Sharpe’s scouts included both soldiers and civilians. Most of his scouts though were soldiers, many of whom already had scouting experience in other commands. The 3rd Indiana Cavalry was a particularly effective recruiting source. They had been trained by Lafayette Baker, head of the Secret Service, to support Maj. Gen. Joseph Hooker’s operations along the eastern shore of Maryland and Virginia early in the war. After they captured a Confederate sloop, they were given the nickname of Hooker’s Horse Marines.
Many of the men hired were civilians who would be considered contractors today. The soldiers among the scouts apparently continued to receive their normal soldier’s pay in addition to the special pay. That pay, for soldiers and civilians, ranged from fifty cents to four dollars a day for every day of the month for scouts. The specific rate for each man depended upon both experience and proven ability. The upper and lower rates worked out to monthly totals of fifteen dollars to $120 a month, a considerable improvement over the private’s thirteen dollars a month. The rate of four dollars a day was roughly equivalent to the pay of a first lieutenant ($115.50 a month), and was awarded to very few men. Most of the scouts were paid at two dollars to three dollars a day.
Governor’s Island in New York Harbor with Fort Columbia on the lower part of the island, where Judson Knight served in the garrison during the Mexican War. Library of Congress, LC-USZ62-135430.
Scouting, as Cooke noted, required men with special abilities that were not easy to find. The risk a Union scout took was extraordinary because he often wore either civilian clothes or Confederate uniforms while on operations. Capture so dressed would earn him a swift hanging by the laws of war. Officers, as gentlemen, did not engage in that sort of thing.
An exception to the top scout rate of four dollars was found with John C. Babcock who was listed among the scouts for pay purposes but did not serve as a scout.
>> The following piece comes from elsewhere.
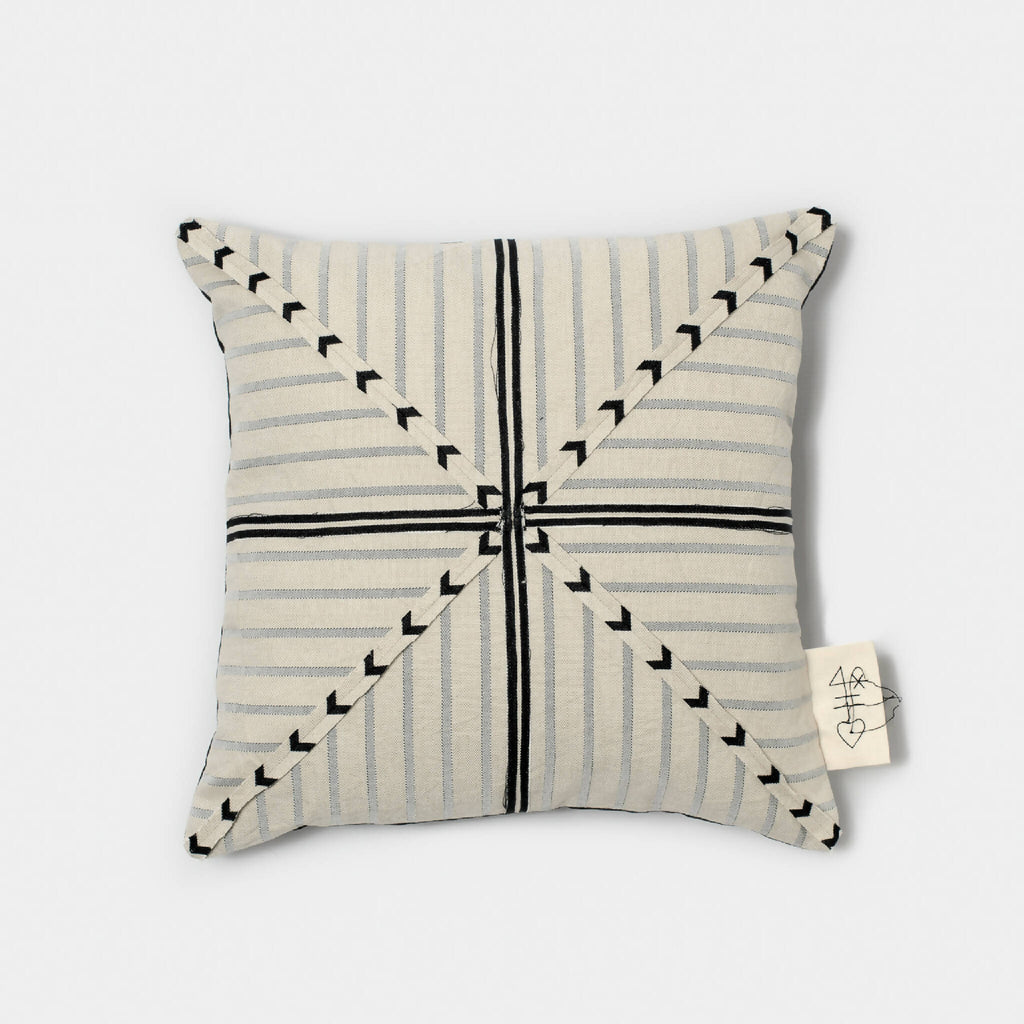 Coussin en tissu beige, rayures bleu-gris et flèches noires, étiquette latérale.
He was a civilian who served as the order-of-battle analyst for the BMI and was paid at the rate of $7.50 a day ($225 a month), which was more than the pay of a full colonel ($212 a month), an indication of how valuable he was considered.
In addition to the scouts, the BMI employed guides, local men who had immediate knowledge of a particular area and were employed only on an as-needed basis. Many of these men were loyalist civilians such as the McGees and Skinkers of Northern Virginia or runaway slaves or contrabands. In addition to the scouts and guides, the BMI was allowed a support staff of clerks, teamsters, and cooks. Most of these men were black. However, a few of the men listed as guides were also identified as black.
The BMI scouts were a diverse group by physical type, age, and occupation. Most were very young—in their early twenties; however, the two men who would become chiefs of scouts, Cline and Knight, were in their thirties with more maturity and experience. Their occupations ranged from clerk to boatman to plasterer and to machinist, in Knight’s case. What unified them was an independence of character, a cool boldness, a taste for danger, and a good dash of the actor, for they spent much time passing themselves off as Confederates, with remarkable success. Sharpe was to prove a shrewd judge of these qualities, and his careful selection of just the right men would be vital to the success of the BMI.